Wednesday, April 28, 2010

今天的故事

今天,我放下了。

前天,和小气的朋友闹得很不爽。这两天都不开心,可是今天我主动放下去和她谈天.我们都很开心。毕竟,过去了就让它过去。我那杀那真的体会到放下得开心。

今晚,在Starbuck等了两小时。也忍了两小时尿,还因吃太快胃痛了。很可惜,付出的不被珍惜反而受到很恶劣的对待。现在,肚子痛得是胃还是尿毒攻心都分不出了。

算了吧,今天有开心过就够了。
谢谢您,老天爷爷。

Sunday, April 18, 2010

I am another susan boyle

Not sure if words can describe how i feel now.
its been quite sometime that i have not been writing on my happy feelings.
Last Friday, just finished one unexpected presentation.
Right after the presentation, people came over and congratulate me.
Well, i was like, what is going on? that's just a presentation. They came over telling me that it was a great presentation, beautiful gal with beautiful voice.
My team mates and my colleague was so nervous as i have been very tension with this presentation but eventually everyone was surprised when i open my mouth.
For the very first time, i receive such a great compliment.

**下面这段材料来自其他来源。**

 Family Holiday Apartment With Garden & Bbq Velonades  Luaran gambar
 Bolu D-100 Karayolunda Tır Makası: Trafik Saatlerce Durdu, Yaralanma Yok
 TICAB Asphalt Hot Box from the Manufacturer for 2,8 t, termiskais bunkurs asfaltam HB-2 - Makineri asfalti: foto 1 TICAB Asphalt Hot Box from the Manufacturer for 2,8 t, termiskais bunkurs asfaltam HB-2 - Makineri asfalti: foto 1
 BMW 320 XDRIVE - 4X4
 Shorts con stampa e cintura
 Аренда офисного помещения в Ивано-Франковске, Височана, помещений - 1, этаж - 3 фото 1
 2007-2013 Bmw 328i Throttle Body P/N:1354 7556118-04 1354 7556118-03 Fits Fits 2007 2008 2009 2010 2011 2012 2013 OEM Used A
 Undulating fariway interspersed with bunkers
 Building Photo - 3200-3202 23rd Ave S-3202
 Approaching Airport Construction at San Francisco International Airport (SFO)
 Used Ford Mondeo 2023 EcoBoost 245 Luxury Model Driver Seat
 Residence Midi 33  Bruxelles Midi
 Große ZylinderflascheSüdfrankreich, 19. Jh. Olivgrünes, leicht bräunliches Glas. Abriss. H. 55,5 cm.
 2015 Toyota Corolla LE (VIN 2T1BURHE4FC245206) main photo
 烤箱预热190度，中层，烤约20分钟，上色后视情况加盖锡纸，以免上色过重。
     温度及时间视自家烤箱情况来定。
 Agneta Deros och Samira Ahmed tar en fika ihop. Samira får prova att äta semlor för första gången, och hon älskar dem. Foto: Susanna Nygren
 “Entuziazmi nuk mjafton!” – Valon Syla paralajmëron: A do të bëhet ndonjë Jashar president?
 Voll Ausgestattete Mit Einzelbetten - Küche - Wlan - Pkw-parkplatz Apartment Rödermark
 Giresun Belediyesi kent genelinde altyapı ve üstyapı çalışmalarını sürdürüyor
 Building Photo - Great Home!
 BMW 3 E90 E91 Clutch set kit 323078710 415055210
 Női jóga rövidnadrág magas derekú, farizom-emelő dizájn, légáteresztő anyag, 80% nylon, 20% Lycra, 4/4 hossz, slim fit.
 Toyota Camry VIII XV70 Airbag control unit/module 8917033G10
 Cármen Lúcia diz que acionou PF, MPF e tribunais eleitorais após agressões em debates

I didnt know that my voice are beautiful and i have American accent!That's funny.
I guess this is the first time i have got myself recognized on something.

Tuesday, April 6, 2010

i am Sick again

just came back from tiring hongkong trip.
nose phlegm got blood.
face too dry
headache and body aching..
its coldddd
yet i have to sit in such a heavy place.
its so torturing...
god please....
why am i getting sick always.. have i neglected my health recently?.. well, i guess i cant remember when was the last time i exercise..
i hate falling sick.. its so lonely.. cause you feel helpless but you cant request for more.. cause its useless and you wont get it when you request for more care...
i just dont like it.. being so weak without someone here for me.. its so lonely..
sigh.. what have i done.. why is it has to be me?

Tuesday, March 9, 2010

我一个人,能做的很少

10th March 2010, 9.58am.
胃很痛,身体很累,小腹的痛又来了。
最近发生太多事,已经忘记多久没休息,没平静。看医生都没时间。
一坡未平,一坡又起而我只是一个人,不知道能做多少也不知道能顶多久。
老天爷, 你又要训练我吗?
可是,只有我一个,哭了苦了身边没人知,别这样对我好吗?
I am just one person, just a little women.
All i hope is a little bit more care from someone
cause its so hard to battle alone
今天,胃真的很痛。。。。

Sunday, February 14, 2010

爸妈老了

每年的年28至年30,家里都在忙打扫。
记忆中,爸妈一定会吵架。
妈会埋怨 爸不帮忙或越帮越忙。
爸会骂妈手脚慢,耽误拜神吉时。
气氛会很沉重因为爸妈不合。

今年的年28至年30, 家里不同了。
爸很努力打扫
抹墙壁,搬东西,扫地,洗尘,家里两楼都是他一手包办。
就算我们帮忙,他也要占大部分来做。
妈不舒服病倒了
天气盟日,妈在厨房做饼,煮饭,过年的食单在她手里。
功夫太多,我和嫂嫂也帮不完。
两老在年30前把该做的都做完。
累得再年初一, 躺在客厅不想动。

爸说老了,做多两下腰骨都散了。
妈说,是时候认老了。
妈妈帮爸爸察背这些难得的温馨情景,令我感觉到心理的日度。
可悲吗?不,因为当在可悲的事里出现温情时,才会令人珍惜这些感动。
才体验到正真的快乐。

就如我一直相信,这世界不会完全美好
因为它一直在努力的平衡所有。

对吧?

1 个小时前, 情人节刚过了。
2 月出生的我,是浪漫双鱼座。
3 年的情人节都没浪漫,让人不知所错。
40 年左右才一次的年初一情人节,我居然没错过。

不知道从何开始,我很渴望爱情里出现浪漫的情结。
可惜,我慢慢领悟人生总是很难得到渴望的东西。
就因如此,很多东西我都去接受。

我今天不开心吗?我也不懂。
今年的情人节,在大年初一正搞笑。
也许,人生有多无奈的事,人类都会选择接受。
然而,当你遇上这些你没有选择的事时, 难免会些有伤感。
因为如果你有更大的勇气或力量,你是不会希望这样。
对吧?

Monday, February 8, 2010

He is different now

Its 8th of February. Month that i was born. Pieces,represents romance
26th years of my life, i found someone important in my life.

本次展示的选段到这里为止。